The study analyzed here is a prospective, observational, multicenter study that followed a cohort of up to 510 patients over five years. They received low-dose warfarin combined with low-dose ASA (if no contraindications existed) after three months of standard-dose anticoagulation following the prosthetic implant. Patients included were over 18 years old with a life expectancy exceeding five years, excluding any patients with another prosthetic valve implant other than aortic. The control group was randomly selected from the PROACT study and included all patients who received standard-dose warfarin to maintain an INR between 2 and 3, along with low-dose ASA regardless of thrombotic risk. The primary variable studied was the incidence of thromboembolic events, valve thrombosis, or major bleeding, analyzed in four subgroups: home vs. clinic-based INR monitoring and high vs. low thrombotic risk. Secondary variables included the occurrence of these events individually, overall thrombotic events, death rate, reoperations, or prosthesis explants, as well as general bleeding (both major and minor). Follow-up consisted of two visits in the first postoperative year and an annual visit for the next four years. This article includes data up to the one-year follow-up for all patients, with final results expected in 2027. A 95% confidence interval was used, with primary variable incidence studied using Poisson regression and the Kaplan-Meier curve for the percentage of patients free from the composite primary endpoint. 

Among the 510 patients studied, 128 (25.1%) were at high thrombotic risk, while 382 (74.9%) were at low risk. Of these, 70 (13.7%) had home INR monitoring, and 440 (86.2%) clinic-based. The median follow-up was 3.35 years (1,562.9 patient-years), with a median INR of 1.9. 

For the primary endpoint, the total incidence of thromboembolism, valve thrombosis, or major bleeding was 2.3% per patient-year, significantly lower than the 5.4% per patient-year in the control group (95% CI 4.1-6.9%). In subgroup analysis, the primary endpoint incidence was 2.4% in home-monitored patients and 2.3% in clinic-monitored patients, notably lower than the 5.4% in the control group. For thrombotic risk categories, high-risk patients had a 2.5% incidence, and low-risk patients a 2.2%, compared to 5.8% and 4% in the control groups, respectively. Subgroup analysis showed statistically significant results for high-risk patients but not for low-risk patients. The Kaplan-Meier curve estimated that at least 89.7% of patients would be free of any primary event over five years, with statistical significance. 

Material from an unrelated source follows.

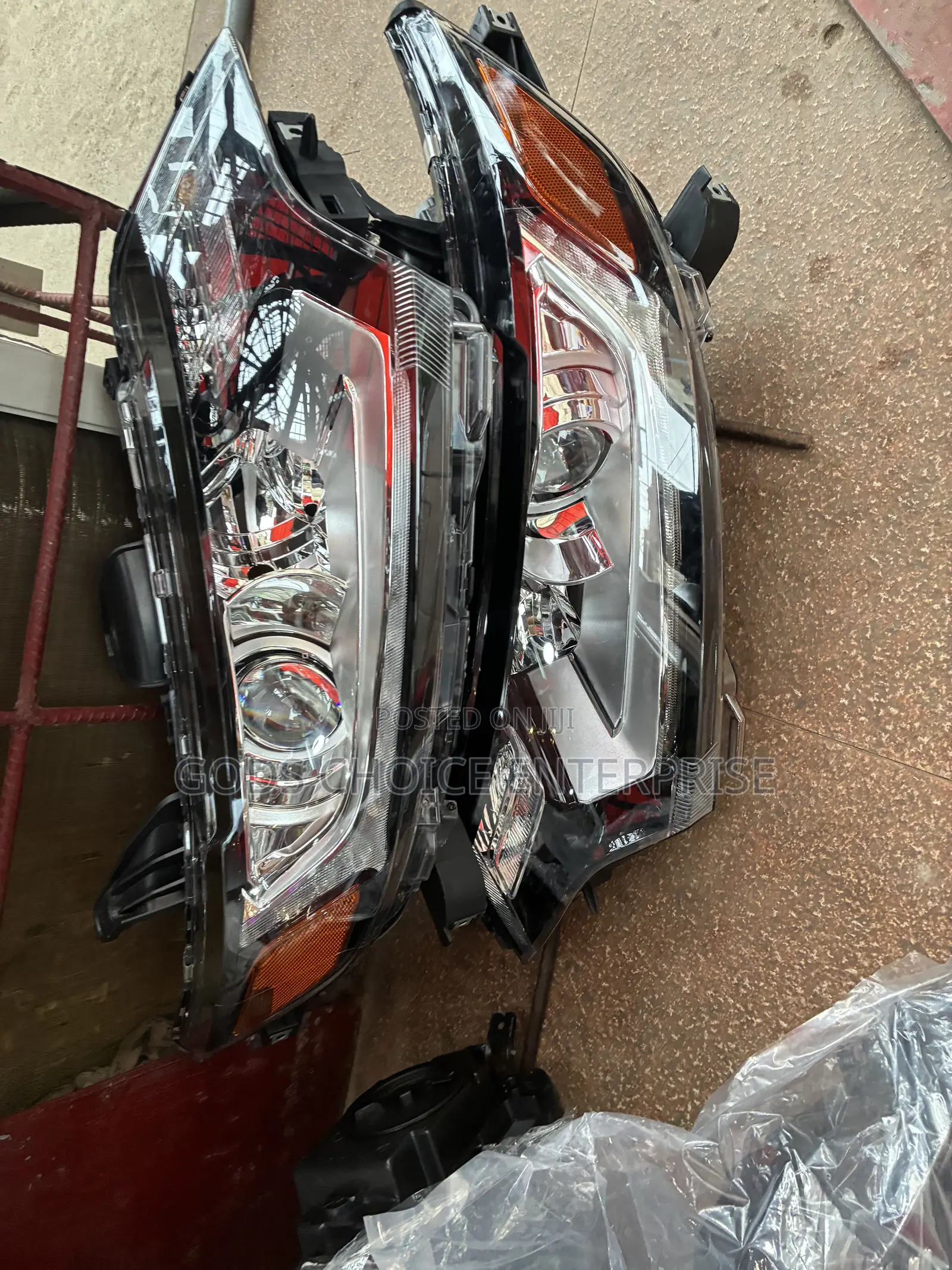 Headlight Outlander 2016-2018-2020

Secondary analyses revealed significantly fewer major bleeds in the study group than in the control group (0.6% per patient-year vs. 3.8% per patient-year). Incidences of thromboembolic events and valve thrombosis were low and similar between groups. The overall bleeding rate, including minor bleeds, was also significantly lower in the study group (1.9% vs. 7.1%). 

COMMENTARY: 

The article confirms, up to the current follow-up, the findings of the PROACT study, suggesting that a lower INR with low-dose ASA is safe for preventing thromboembolic events and reduces bleeding complications in patients with On-X® valves in the aortic position. The FDA requested this study to validate this hypothesis in real-world patients with these valves, regardless of monitoring method or thrombotic risk. 

The results, which even improve upon those of the PROACT study, support the practice of reducing anticoagulation in On-X® aortic valve patients. However, therapeutic approaches should continue to be individualized. 

Despite these findings, final results will be available in 2027 after five years of follow-up, as designed. 

REFERENCE: 

Oo AY, Loubani M, Gerdisch MW, Zacharias J, Tsang GM, Perchinsky MJ, et al. On-X aortic valve replacement patients treated with low-dose warfarin and low-dose aspirin. Eur J Cardiothorac Surg. 2024 May 3;65(5):ezae117. doi: 10.1093/ejcts/ezae117.